## Provided material:
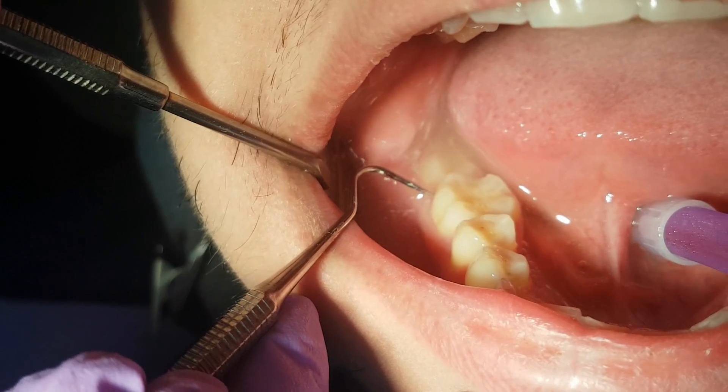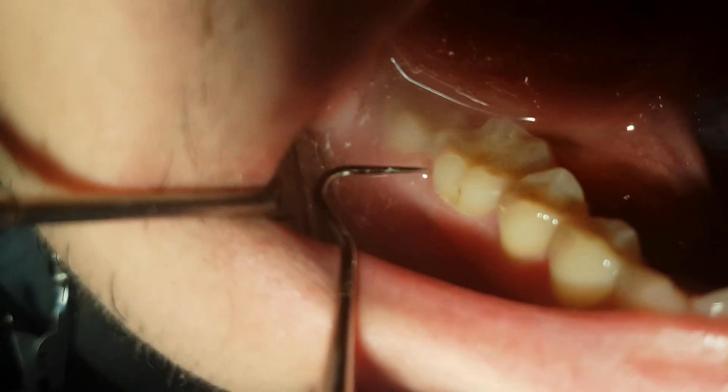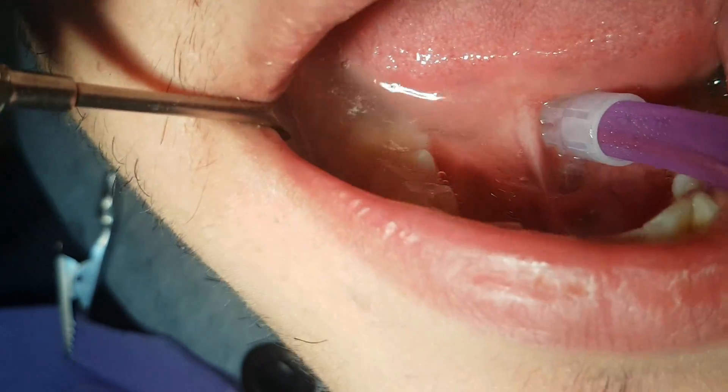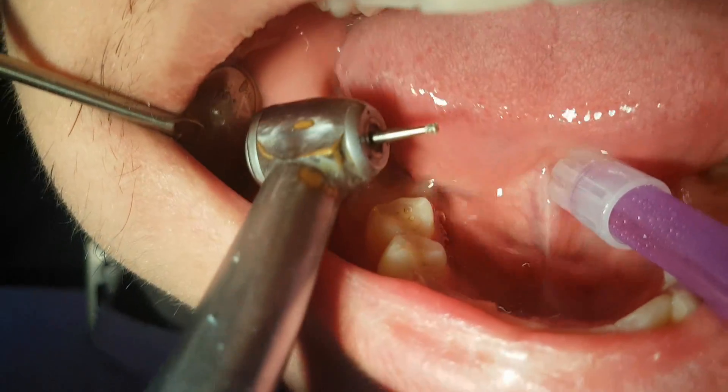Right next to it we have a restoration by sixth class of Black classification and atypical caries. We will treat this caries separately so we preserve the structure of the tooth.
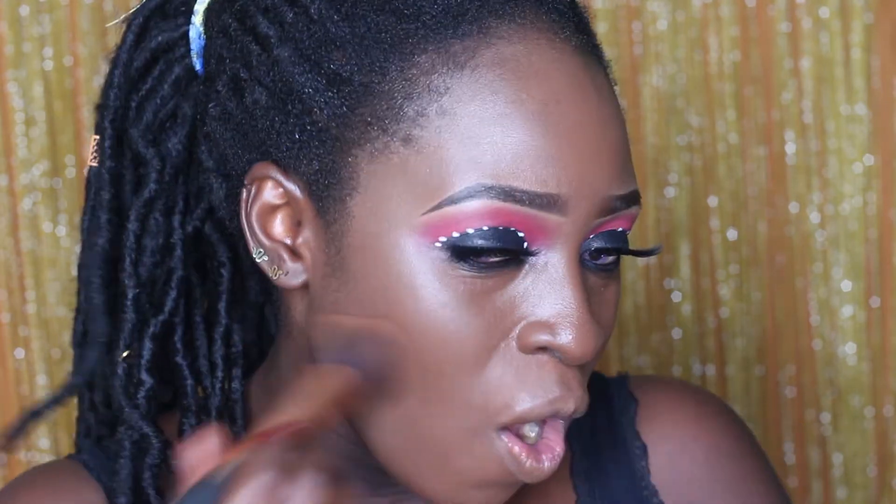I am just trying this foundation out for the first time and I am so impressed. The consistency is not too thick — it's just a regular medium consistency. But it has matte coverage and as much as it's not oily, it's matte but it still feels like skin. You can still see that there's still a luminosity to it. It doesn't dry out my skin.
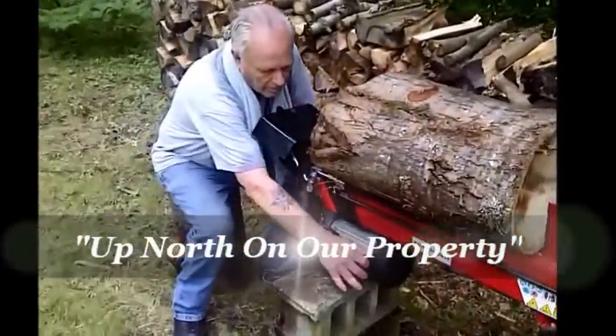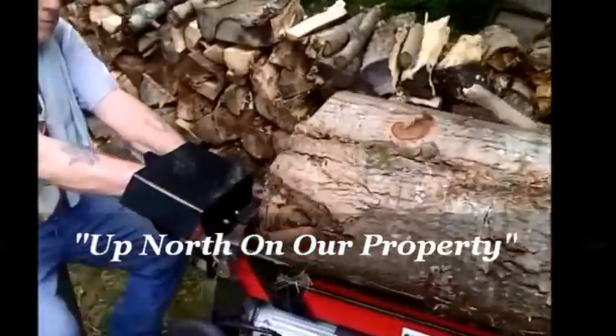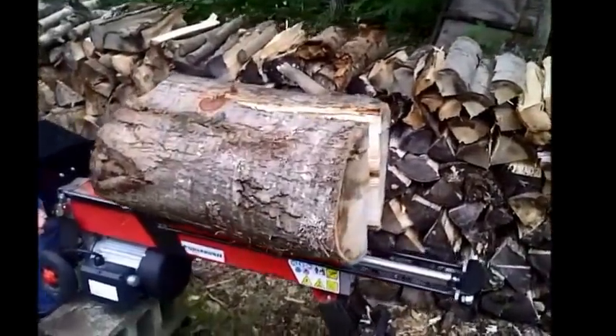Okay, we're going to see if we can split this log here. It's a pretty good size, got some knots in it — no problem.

## Goal of the exercise:
Go through the listing above and write it all out exactly, leaving out any picture.

## Output of the task:
Right next to it we have a restoration by sixth class of Black classification and atypical caries. We will treat this caries separately so we preserve the structure of the tooth.
I am just trying this foundation out for the first time and I am so impressed. The consistency is not too thick — it's just a regular medium consistency. But it has matte coverage and as much as it's not oily, it's matte but it still feels like skin. You can still see that there's still a luminosity to it. It doesn't dry out my skin.
Okay, we're going to see if we can split this log here. It's a pretty good size, got some knots in it — no problem.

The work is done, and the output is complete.